== EXERCISE ==
Return each line of the data below verbatim; pictures are to be left out.

== DATA SECTION ==
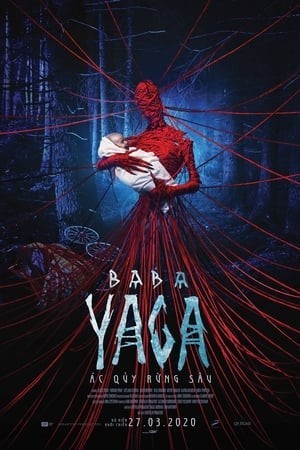 Baba Yaga: Ác Quỷ Rừng Sâu (Baba Yaga: Terror Of The Dark Forest) [2020]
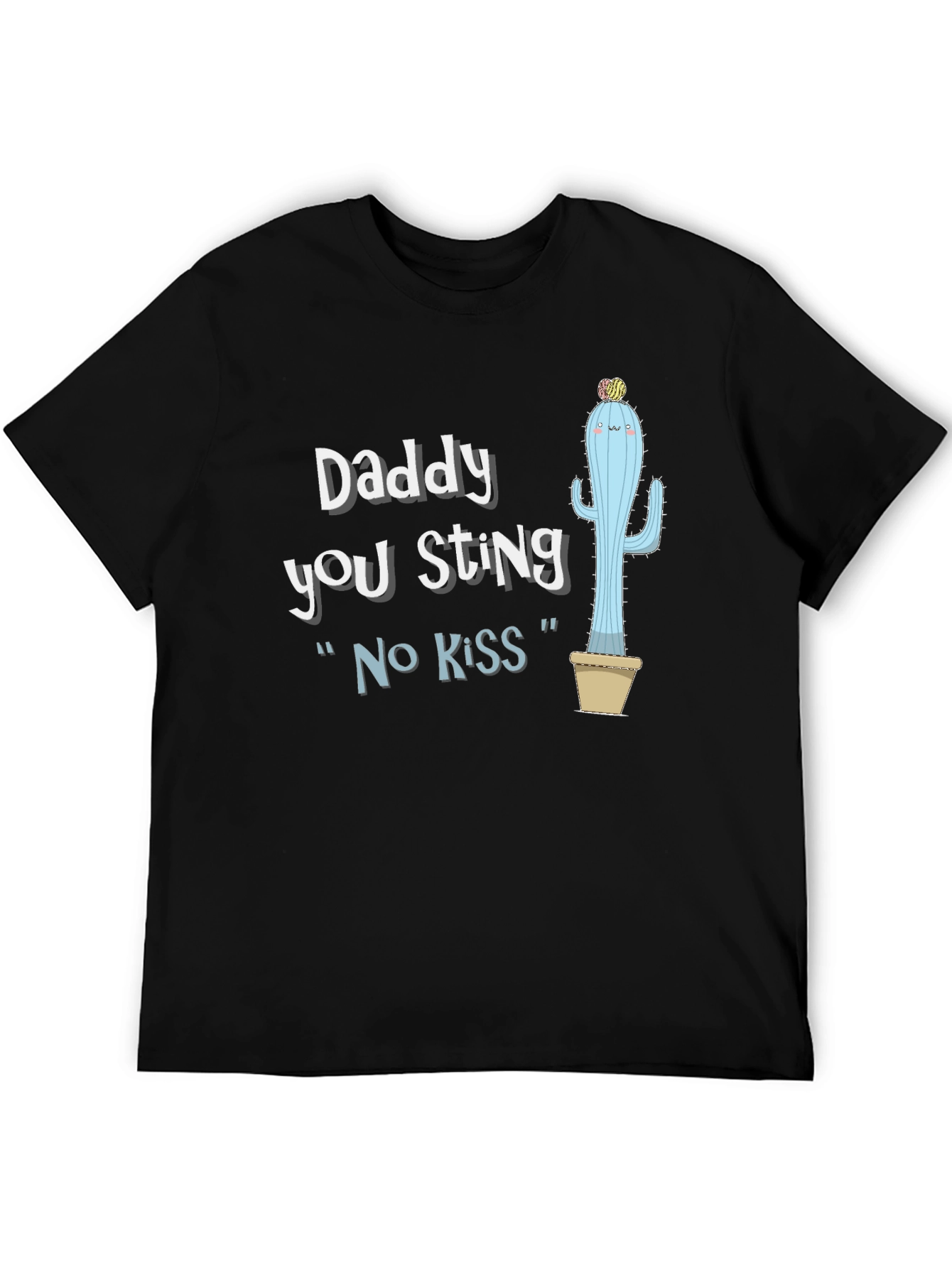 Black Daddy You Sting T-Shirt - Funny Cactus Graphic Tee view 5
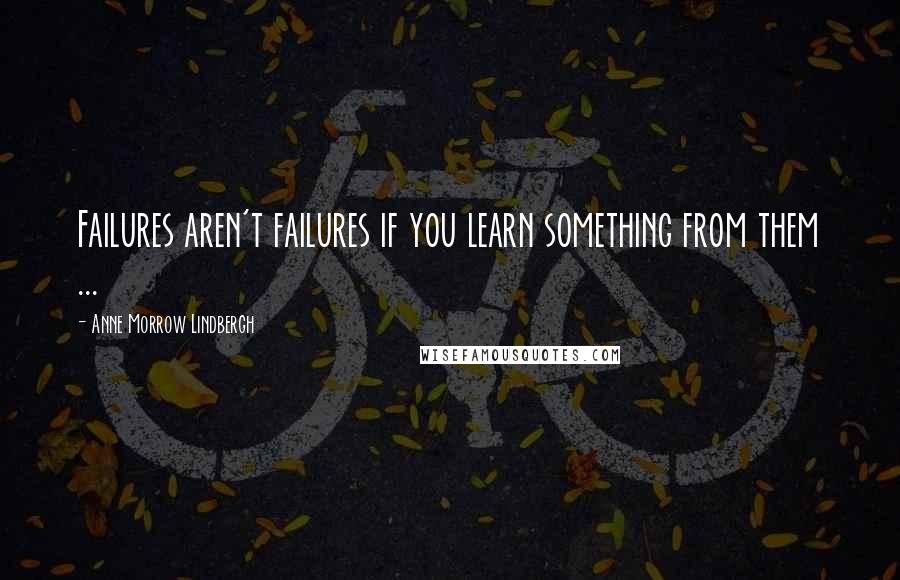 Anne Morrow Lindbergh Quotes: Failures aren't failures if you learn something from them ...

== RESPONSE AREA ==
 Baba Yaga: Ác Quỷ Rừng Sâu (Baba Yaga: Terror Of The Dark Forest) [2020]
 Black Daddy You Sting T-Shirt - Funny Cactus Graphic Tee view 5
 Anne Morrow Lindbergh Quotes: Failures aren't failures if you learn something from them ...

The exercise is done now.